Don’t be afraid to haggle. In fact, you have to, because these guys will set the starting price really high, so if you don’t want to get ripped off, then you’ve got to learn to drive them down. The rule I was told to go by is that you should only pay half the price of what they say the item is worth. So if you’re looking at a scarf and the salesman says its £10, you should go down to £2 with the aim of finishing at £5.
The way you know if you have gone too low, is if they let you walk out of their shop. These guys will do all the can to make a sale, so if they’re letting you go, you went to low.
If you walk through the maze of markets and come to the back, it may look like there is nothing there so a lot of people turn around, but if you continue outside you will come across shops that are more aimed at the locals. Here you will be able to buy spices, fruit, veg for a fraction of the price.
I found the people in these shops didn’t speak English, and if they did it was very broken, but I don’t speak any Arabic so who am I to comment. Just so you know.

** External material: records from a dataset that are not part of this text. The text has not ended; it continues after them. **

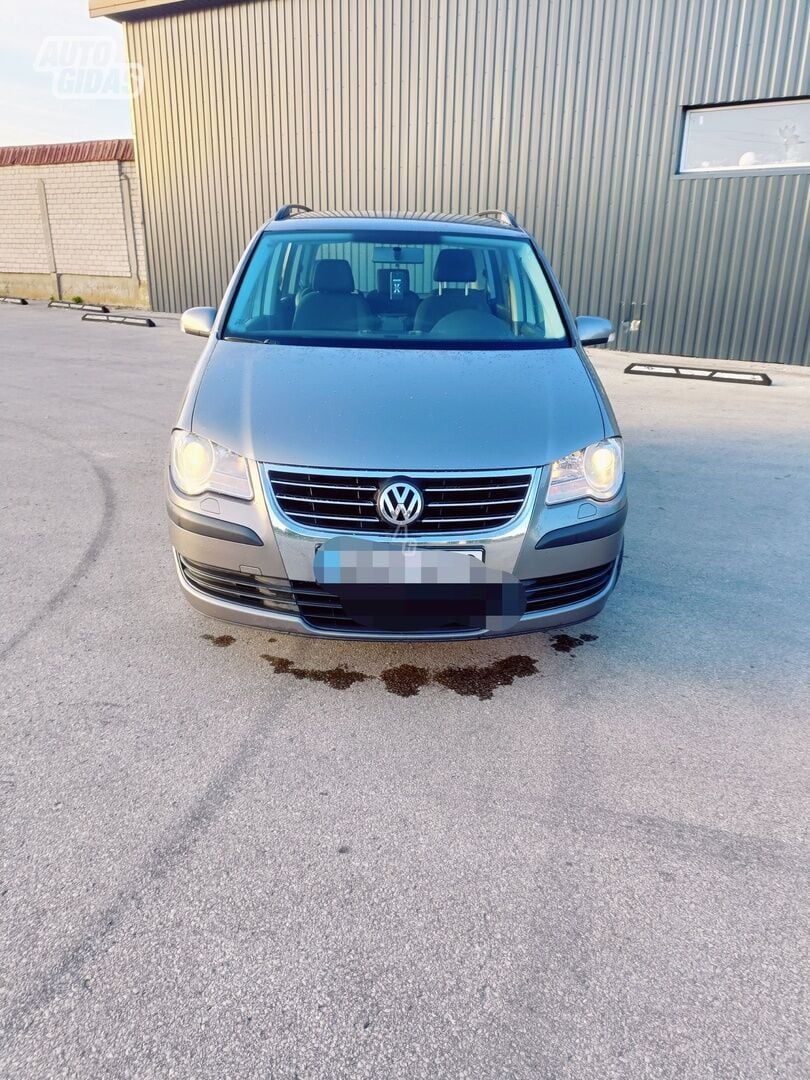 Volkswagen Touran 2008 m Vienatūris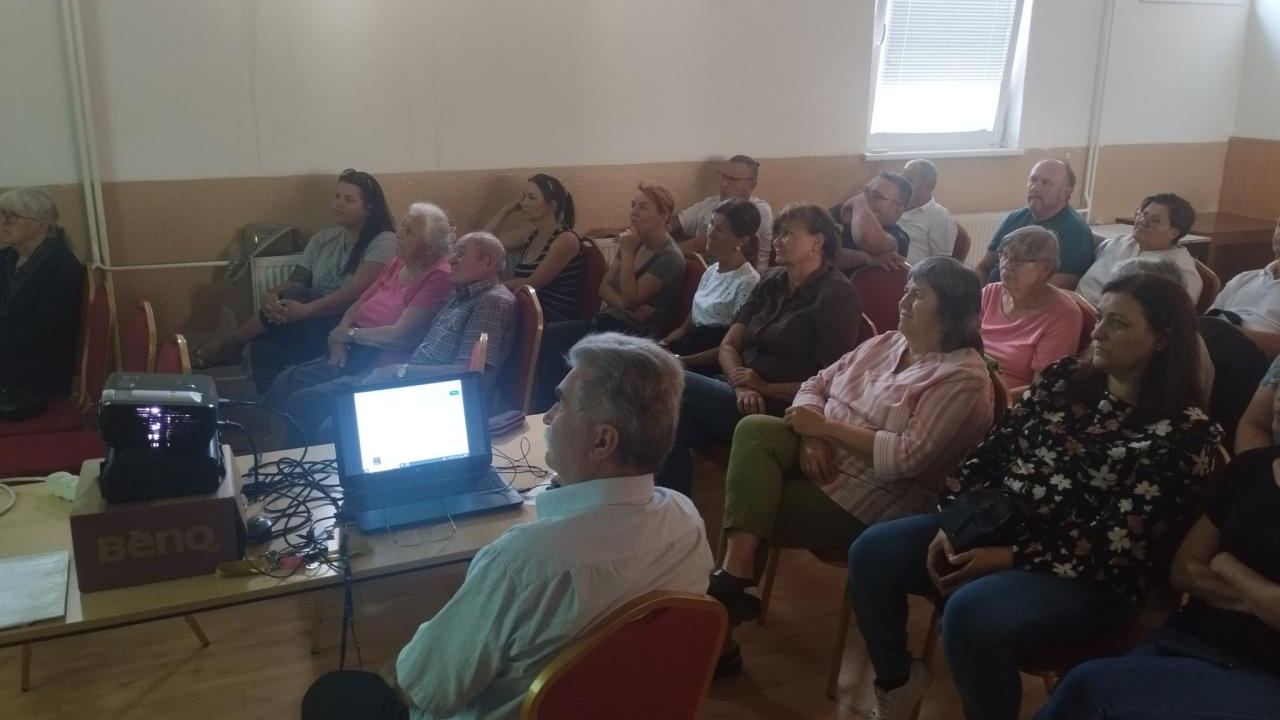 Fotografia fotogalérie Novovieščania pri Done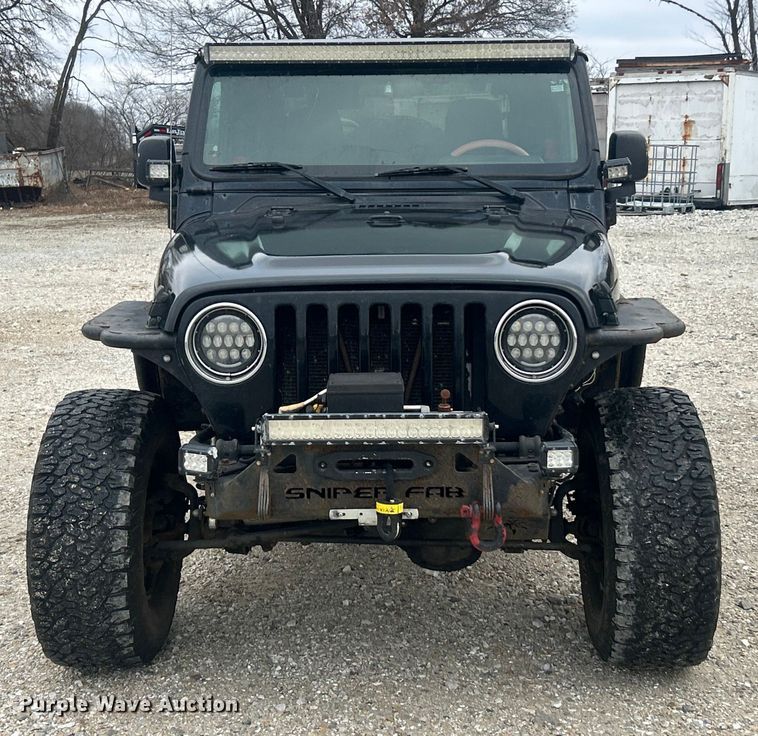 image for item ET6846 2005 Jeep Wrangler Sport SUV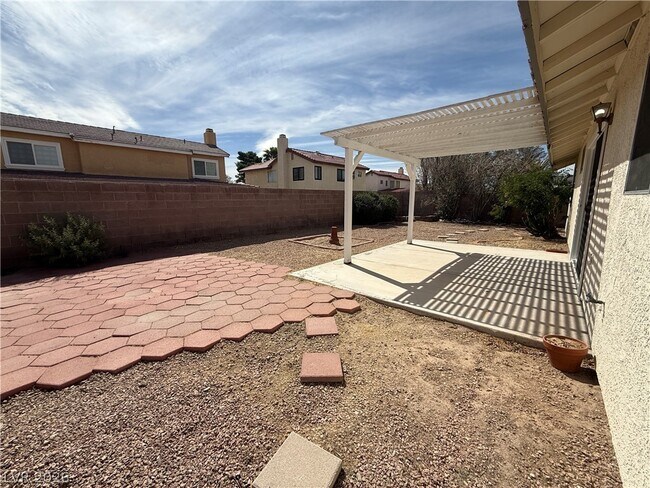 Building Photo - 4308 Apex Dr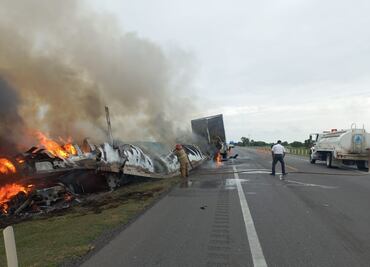 Asciende a 27 el número de muertos por choque entre un tráiler y una camioneta en Tamaulipas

After doing a bit of shopping, you might find yourself hungry, and I hope you do because then you can go to the best restaurant in Muscat (in my opinion). Al Rafee Restaurant is a local treasure that I just happened to stumble upon. If you are facing the main entrance to the market, turn right and walk straight for about 2 minutes. The sign is on the second story, and you have to go up a dark staircase to get in. Every time I went there, the small group of people I was with were the only tourists there, but it was full of local people. They serve local cuisine as well as pizza, chips, burgers etc. But be sure to try the traditional dishes. I took someone there who doesn’t like middle eastern style food at all, but I persuaded him to try it, and he is a convert now. Every time I visited Muscat I always ate at the same place because of three reasons. The food is delicious, the wifi is wonderful, and it is so affordable. For a bottle of water, a chana masala (best I’ve ever had), nan bread and dal it was £2.50. Back home I pay that just for the bottle of water.

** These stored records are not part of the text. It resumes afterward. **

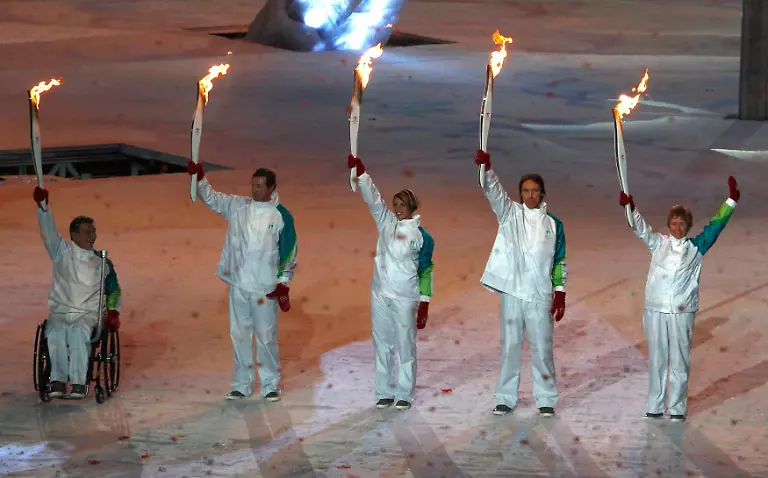 Vancouver-Olympics-Opening-Ceremony-OLY891-jpg4043302640382041634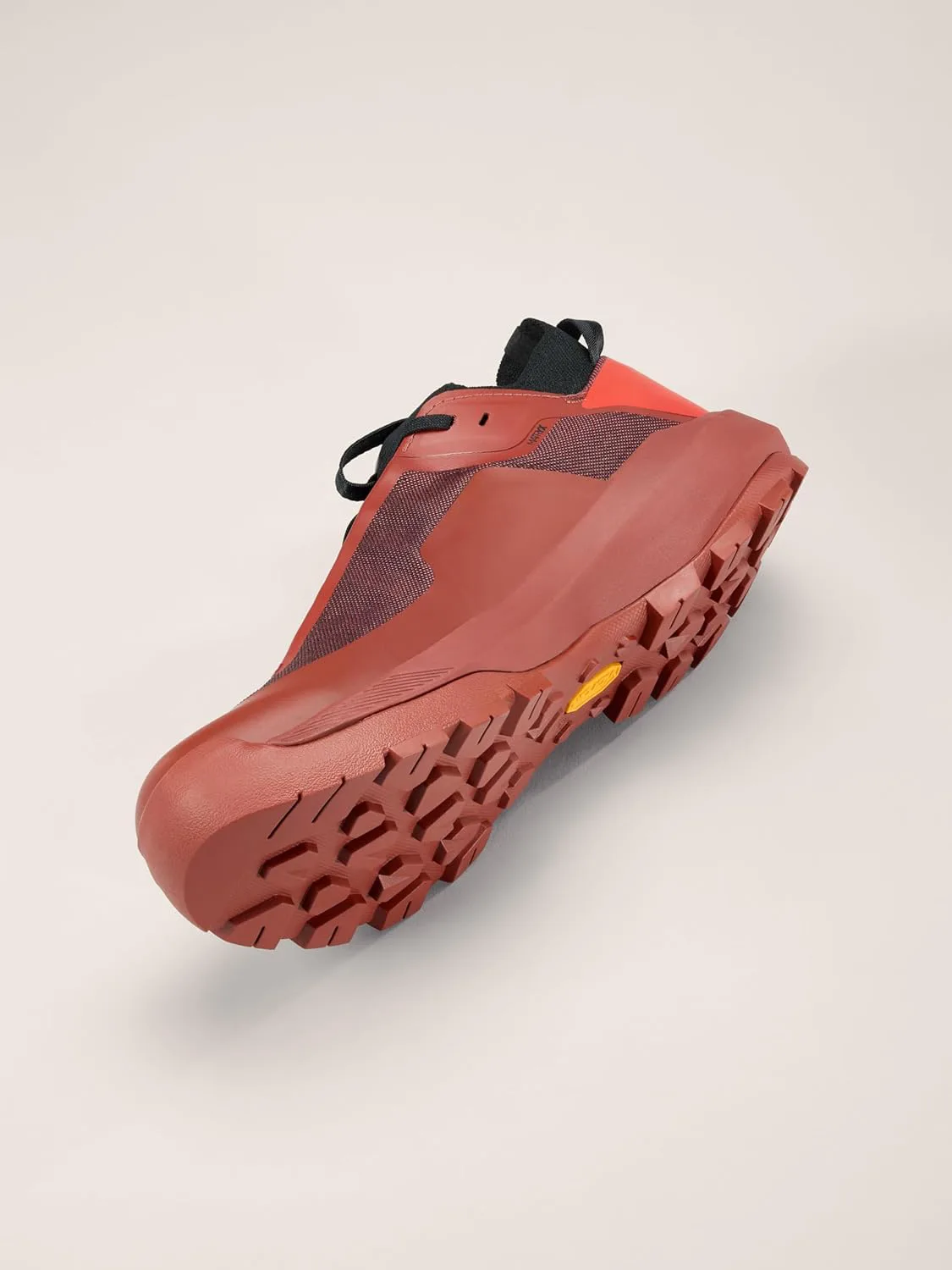 Мужские горнолыжные ботинки Arc'teryx Vertex | Быстрые, легкие и поддерживающие ботинки для подхода к вершине — фото 3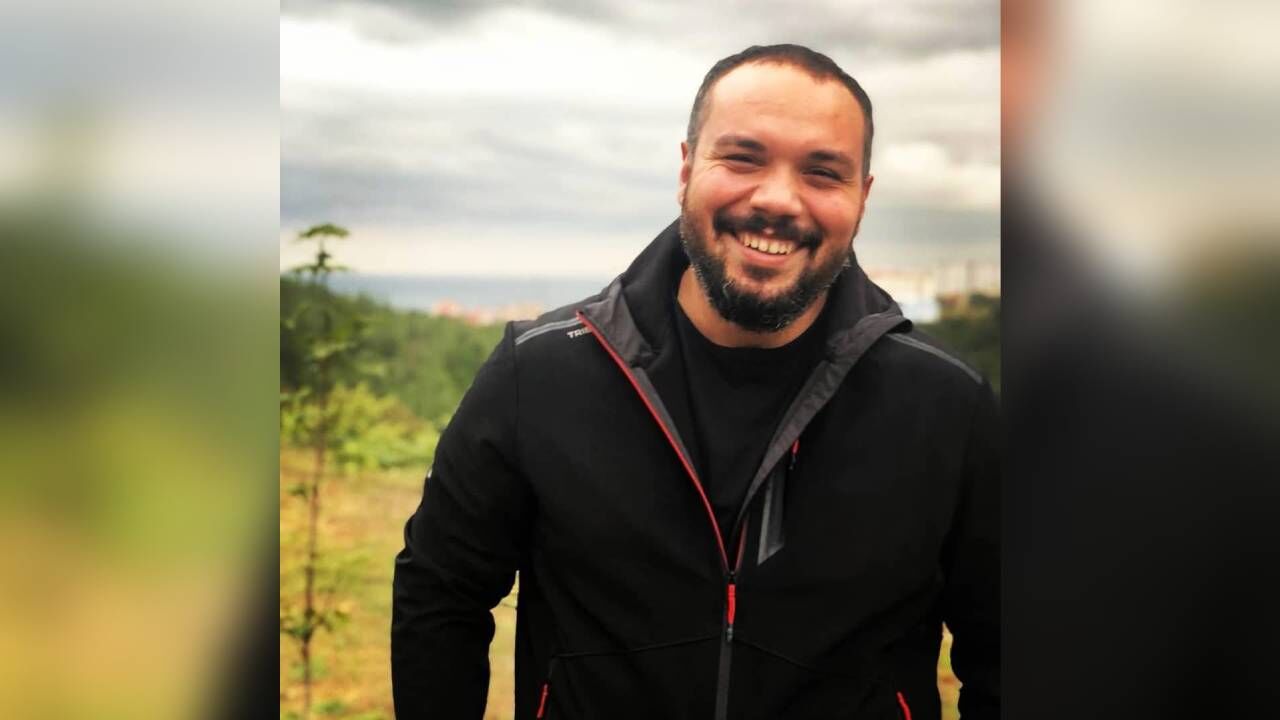Evinde rahatsızlanan beyin cerrahı Yunus Emre Durmuş kurtarılamadı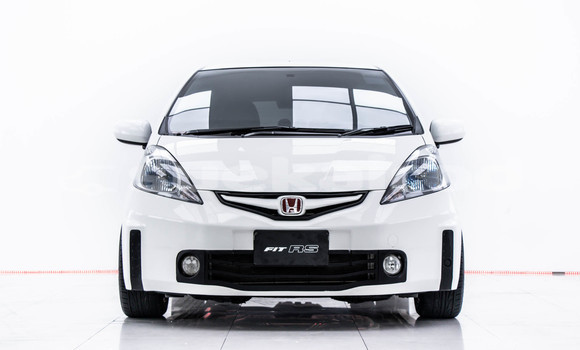 Buy Used Honda Jazz White Car in Bangkok in Bangkok Buy Used Honda Jazz White Car in Bangkok in Bangkok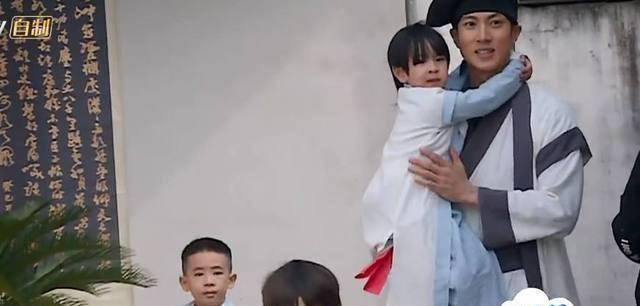 max离开吴尊,单独去完成任务,其中还有阿拉蕾的功劳_儿子_网友_因为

If you’re not going to do an excursion in Muscat and the day I have described above sounds like it will be similar to yours, then it really doesn’t matter what you wear. The locals understand that we are tourists and we don’t necessarily believe what they believe, so they will not expect you to wear an Abaya and a Burka. As long as you aren’t out in a mini skirt and a boob tube, you’ll be fine. Even if you did wear that I doubt anyone would say anything, but you would just attract a lot of eyeballs.
On the other hand, if you are planning to visit any of the Mosques or religious areas, then yes, you will have to cover up, but every Mosque I have been to, they have always provided me with a head covering. You just need to wear trousers or a long skirt/dress and have your shoulders covered.
Don’t worry too much about what you wear, it’s really not as strict as people make it out to be. It’s a lovely place, and whatever you do here, you will have a great time.